PROBLEM REQUIREMENTS: Please write out exactly, and only, the lines from the first in the material below to the line containing "Softies Marshmallow Slouch", both included.
#### DATA SUPPLIED
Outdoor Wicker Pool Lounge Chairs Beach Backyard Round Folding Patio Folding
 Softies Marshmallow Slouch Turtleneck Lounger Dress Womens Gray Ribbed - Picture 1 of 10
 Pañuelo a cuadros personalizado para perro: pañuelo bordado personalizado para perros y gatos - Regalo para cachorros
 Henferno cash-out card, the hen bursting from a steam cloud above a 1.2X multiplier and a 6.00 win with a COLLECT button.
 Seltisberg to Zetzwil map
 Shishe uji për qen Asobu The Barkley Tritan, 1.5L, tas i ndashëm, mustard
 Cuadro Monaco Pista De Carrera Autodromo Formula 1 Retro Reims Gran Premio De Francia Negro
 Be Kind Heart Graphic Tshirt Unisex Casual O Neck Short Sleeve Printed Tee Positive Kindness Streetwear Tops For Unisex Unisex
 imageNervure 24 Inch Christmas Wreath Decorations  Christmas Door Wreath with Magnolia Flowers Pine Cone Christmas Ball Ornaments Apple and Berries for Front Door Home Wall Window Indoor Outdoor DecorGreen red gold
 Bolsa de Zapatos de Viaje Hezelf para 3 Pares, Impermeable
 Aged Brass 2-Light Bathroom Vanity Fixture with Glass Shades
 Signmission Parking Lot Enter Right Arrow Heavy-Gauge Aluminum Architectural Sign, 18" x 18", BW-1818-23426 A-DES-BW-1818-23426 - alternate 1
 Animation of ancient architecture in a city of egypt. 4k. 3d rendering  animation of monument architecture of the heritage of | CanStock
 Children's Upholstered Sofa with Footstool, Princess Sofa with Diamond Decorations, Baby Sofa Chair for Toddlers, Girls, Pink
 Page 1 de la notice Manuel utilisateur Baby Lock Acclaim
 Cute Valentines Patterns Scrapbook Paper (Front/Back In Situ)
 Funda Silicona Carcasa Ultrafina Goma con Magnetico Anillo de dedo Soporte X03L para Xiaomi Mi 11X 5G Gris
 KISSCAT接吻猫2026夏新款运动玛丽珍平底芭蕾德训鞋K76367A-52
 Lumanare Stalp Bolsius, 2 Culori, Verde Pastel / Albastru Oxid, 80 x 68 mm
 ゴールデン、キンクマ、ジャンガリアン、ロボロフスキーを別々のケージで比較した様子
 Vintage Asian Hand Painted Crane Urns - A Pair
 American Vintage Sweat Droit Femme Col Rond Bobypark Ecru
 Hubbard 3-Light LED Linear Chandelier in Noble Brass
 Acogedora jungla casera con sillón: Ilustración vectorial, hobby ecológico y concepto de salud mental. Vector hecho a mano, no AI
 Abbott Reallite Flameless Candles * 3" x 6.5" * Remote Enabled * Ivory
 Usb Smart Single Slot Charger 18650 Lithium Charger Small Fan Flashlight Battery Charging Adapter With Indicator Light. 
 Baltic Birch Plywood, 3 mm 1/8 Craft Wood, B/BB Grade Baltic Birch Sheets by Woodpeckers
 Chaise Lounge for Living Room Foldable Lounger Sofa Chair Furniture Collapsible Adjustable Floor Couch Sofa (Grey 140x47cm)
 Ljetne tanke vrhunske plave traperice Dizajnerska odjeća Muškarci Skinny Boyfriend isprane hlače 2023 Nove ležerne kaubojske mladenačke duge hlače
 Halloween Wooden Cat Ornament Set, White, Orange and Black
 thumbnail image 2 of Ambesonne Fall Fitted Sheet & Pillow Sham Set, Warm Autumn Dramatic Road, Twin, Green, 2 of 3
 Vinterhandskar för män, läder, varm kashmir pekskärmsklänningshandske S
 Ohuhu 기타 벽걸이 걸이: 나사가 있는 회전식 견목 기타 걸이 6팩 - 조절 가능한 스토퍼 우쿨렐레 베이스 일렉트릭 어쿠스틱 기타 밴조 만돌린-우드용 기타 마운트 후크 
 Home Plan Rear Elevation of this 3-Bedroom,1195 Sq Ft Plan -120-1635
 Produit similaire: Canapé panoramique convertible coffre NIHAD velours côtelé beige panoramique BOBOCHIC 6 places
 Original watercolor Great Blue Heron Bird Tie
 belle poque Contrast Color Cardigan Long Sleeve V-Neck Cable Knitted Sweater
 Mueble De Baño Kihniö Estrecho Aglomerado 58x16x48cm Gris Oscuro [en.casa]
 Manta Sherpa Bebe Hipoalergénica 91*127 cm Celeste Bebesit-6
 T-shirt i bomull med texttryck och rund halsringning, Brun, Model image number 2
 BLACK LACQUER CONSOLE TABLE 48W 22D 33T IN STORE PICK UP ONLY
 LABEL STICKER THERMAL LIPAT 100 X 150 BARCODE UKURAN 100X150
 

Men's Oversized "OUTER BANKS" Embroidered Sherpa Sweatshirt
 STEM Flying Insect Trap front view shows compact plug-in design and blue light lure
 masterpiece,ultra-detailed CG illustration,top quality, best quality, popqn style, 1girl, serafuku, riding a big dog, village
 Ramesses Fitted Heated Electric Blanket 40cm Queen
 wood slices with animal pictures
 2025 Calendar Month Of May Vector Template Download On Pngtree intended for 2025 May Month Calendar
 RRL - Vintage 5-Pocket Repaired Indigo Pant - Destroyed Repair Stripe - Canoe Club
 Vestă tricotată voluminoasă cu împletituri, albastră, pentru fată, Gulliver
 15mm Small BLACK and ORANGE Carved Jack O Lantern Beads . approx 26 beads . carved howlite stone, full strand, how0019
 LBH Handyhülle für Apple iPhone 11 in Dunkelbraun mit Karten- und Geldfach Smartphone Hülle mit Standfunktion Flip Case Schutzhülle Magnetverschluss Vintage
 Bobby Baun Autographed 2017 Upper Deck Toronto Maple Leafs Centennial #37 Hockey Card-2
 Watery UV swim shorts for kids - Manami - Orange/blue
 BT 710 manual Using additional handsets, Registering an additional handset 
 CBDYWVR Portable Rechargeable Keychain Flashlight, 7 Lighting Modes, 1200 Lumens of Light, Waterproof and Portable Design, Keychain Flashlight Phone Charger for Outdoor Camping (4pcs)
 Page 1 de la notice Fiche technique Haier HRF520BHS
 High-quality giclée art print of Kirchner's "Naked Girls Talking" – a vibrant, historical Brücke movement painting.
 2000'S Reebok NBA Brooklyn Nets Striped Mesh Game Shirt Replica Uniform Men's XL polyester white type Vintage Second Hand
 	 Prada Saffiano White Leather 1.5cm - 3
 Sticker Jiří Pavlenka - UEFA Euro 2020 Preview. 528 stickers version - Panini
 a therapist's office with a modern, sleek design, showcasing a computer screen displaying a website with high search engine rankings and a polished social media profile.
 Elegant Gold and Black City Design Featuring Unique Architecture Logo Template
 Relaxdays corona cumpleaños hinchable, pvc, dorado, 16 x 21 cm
########
THE COMPLETED TASK:
Outdoor Wicker Pool Lounge Chairs Beach Backyard Round Folding Patio Folding
 Softies Marshmallow Slouch Turtleneck Lounger Dress Womens Gray Ribbed - Picture 1 of 10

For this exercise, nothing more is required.